» Recorded information

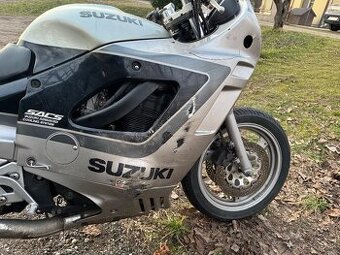 Suzuki gsx 750F na opravu alebo diely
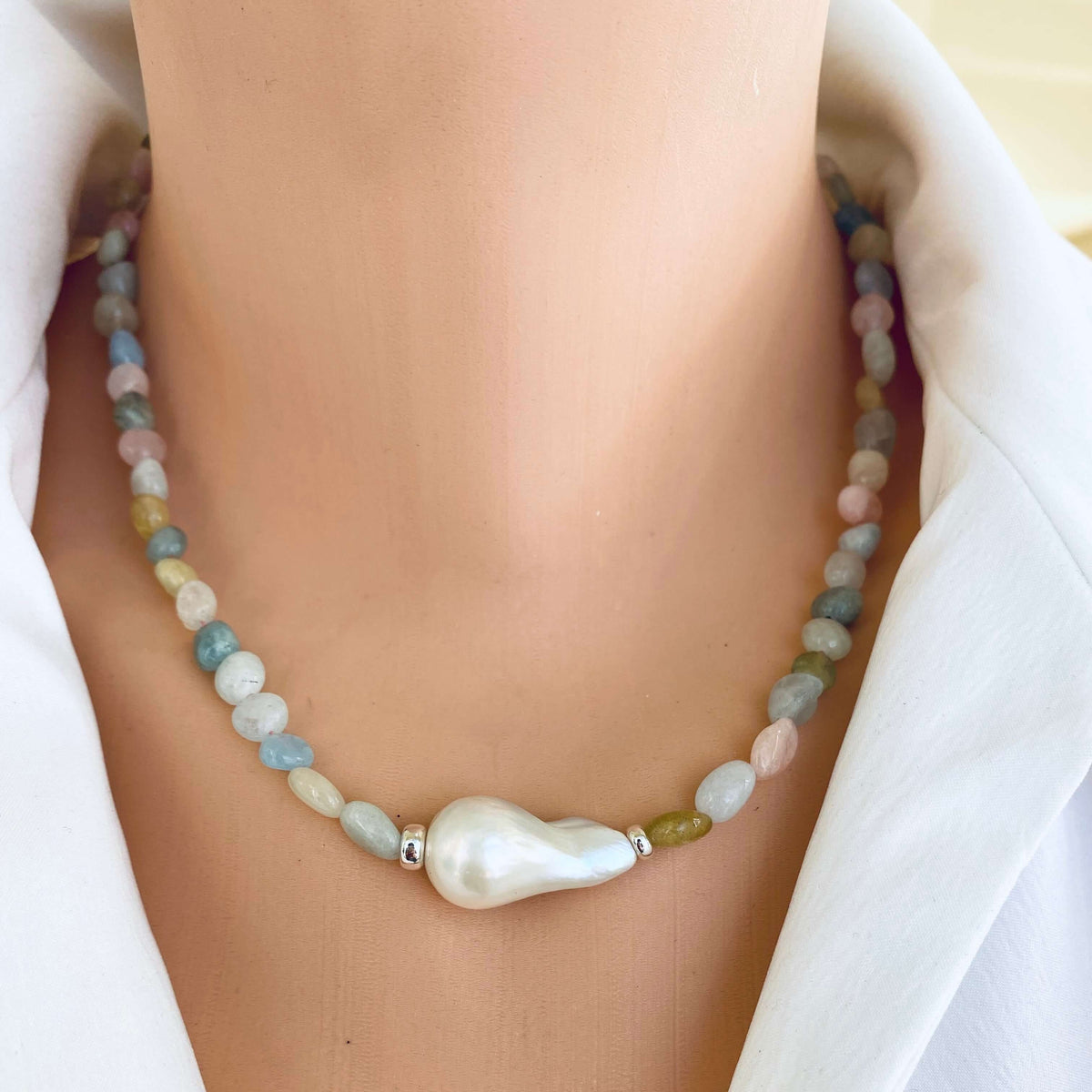 short beaded necklace with silver details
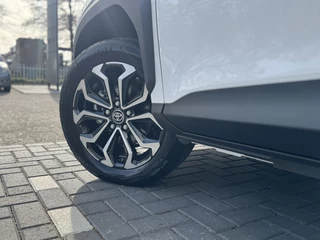 Toyota Yaris Cross Parkeersensoren V+A, Dodehoeksensor, Navigatie , All-in Rijklaarprijs - afbeelding nr 9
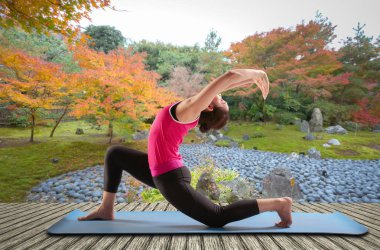 Sporty kadınlar uygulamaları yoga Anjaneyasana - düşük Hilal akciğer uygun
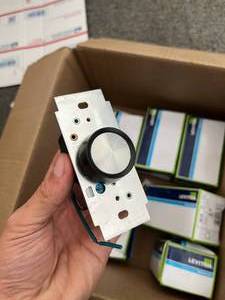 lot 143 image: Leviton 6616 Black Trimatron Rotary Fan Speed Control  5A, 120V AC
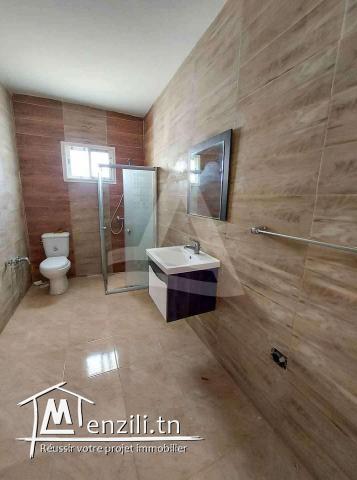 etage de villa a louer s+2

» Task goal
Beginning at the line that contains "lot 143 image: Leviton", retype each line of the data above through the very last one. Do not retype the pictures.

» Response
 lot 143 image: Leviton 6616 Black Trimatron Rotary Fan Speed Control  5A, 120V AC
 etage de villa a louer s+2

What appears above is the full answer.